(WORK TO COMPLETE) Lines from the one with "Transparent capsules on" to the end of the material, both included: print them exactly and print nothing else. Omit the pictures.

(RECORDS TO USE)
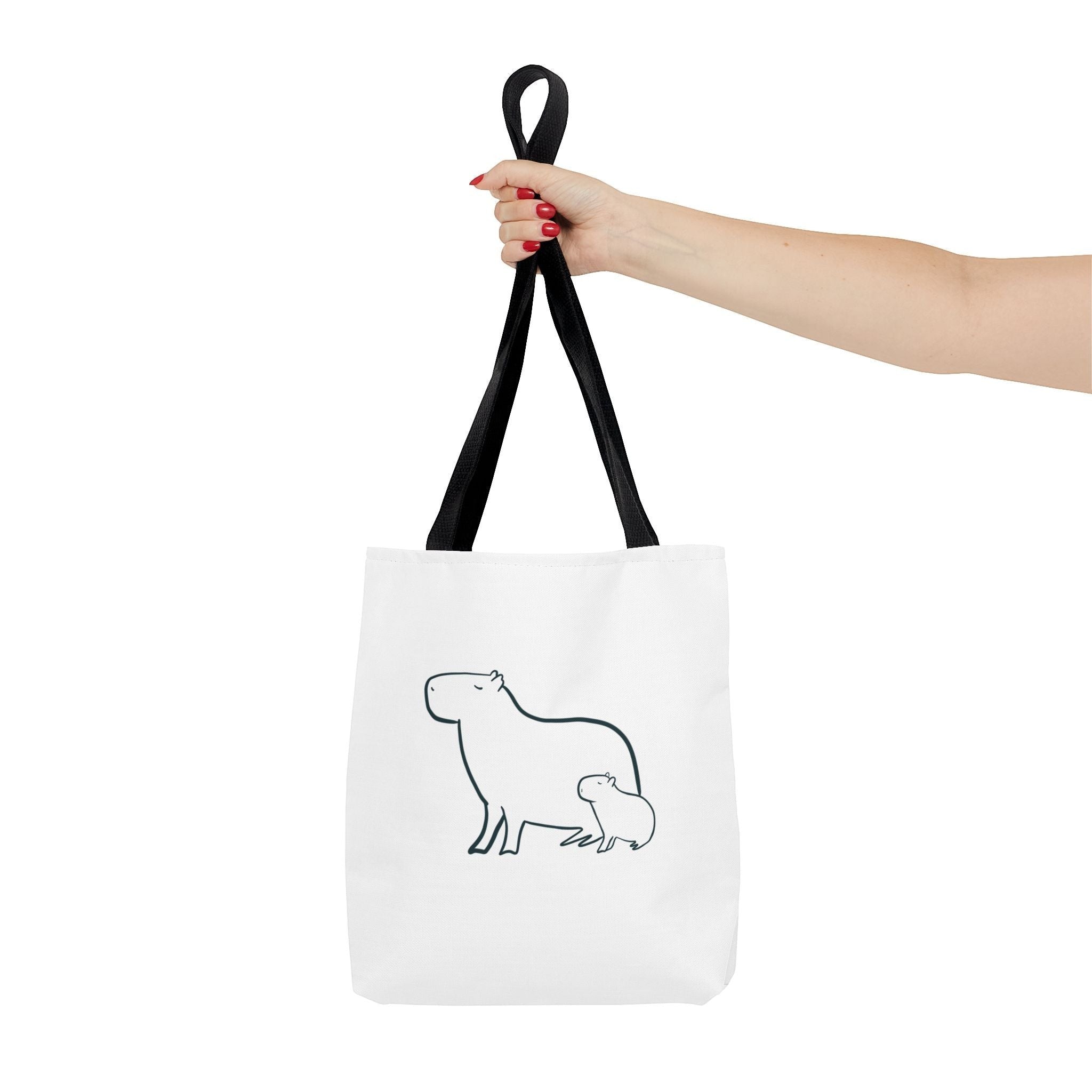 Capy Life minimalist white tote bag featuring a black line art illustration of a mother and baby capybara.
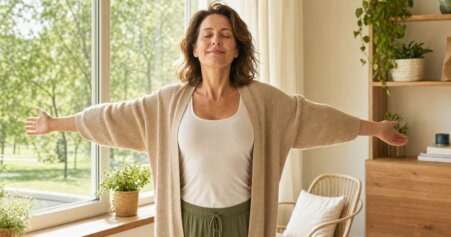 Frau Mitte 30 sitzt entspannt am Küchentisch mit einer gesunden Mahlzeit – Symbol für Stressabbau und bewusste Ernährung gegen Stressbauch.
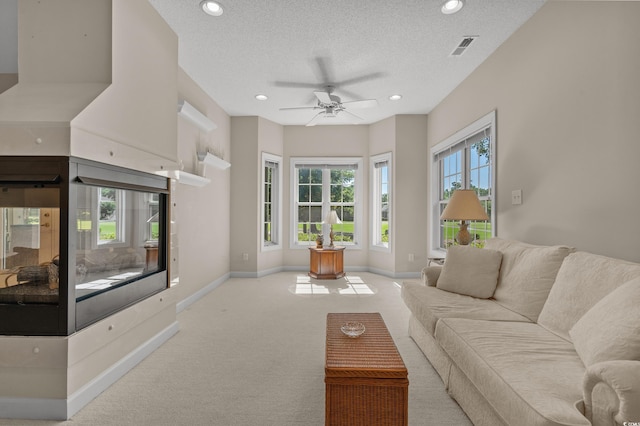 907 Tidewater Dr, North Myrtle Beach, SC 29582 - carpeted living room featuring recessed lighting, a textured ceiling, and a ceiling fan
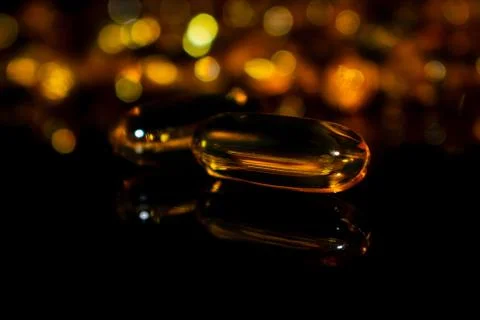 Transparent capsules on a dark background Stock Photos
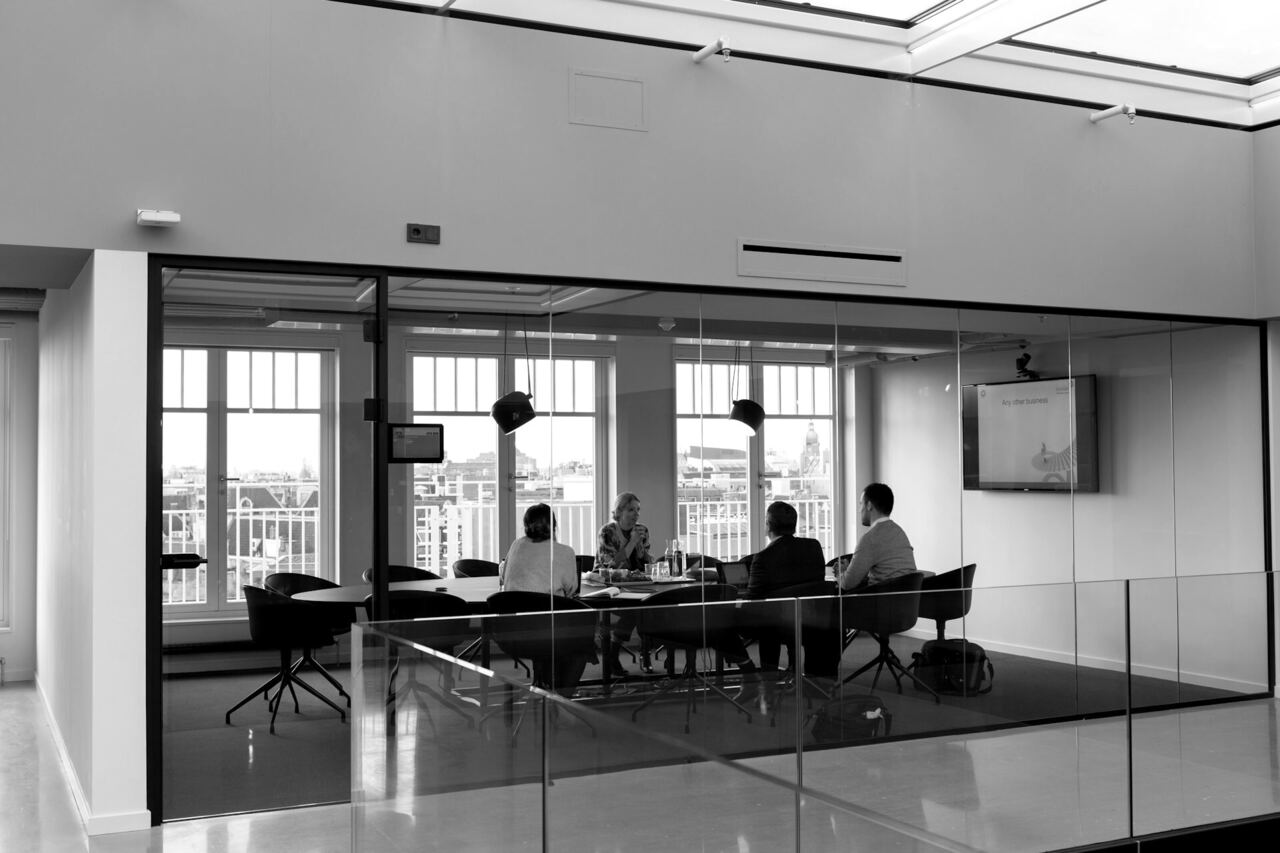 Meeting room in a modern office seen through a glass wall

(SOLVED PROBLEM)
 Transparent capsules on a dark background Stock Photos
 Meeting room in a modern office seen through a glass wall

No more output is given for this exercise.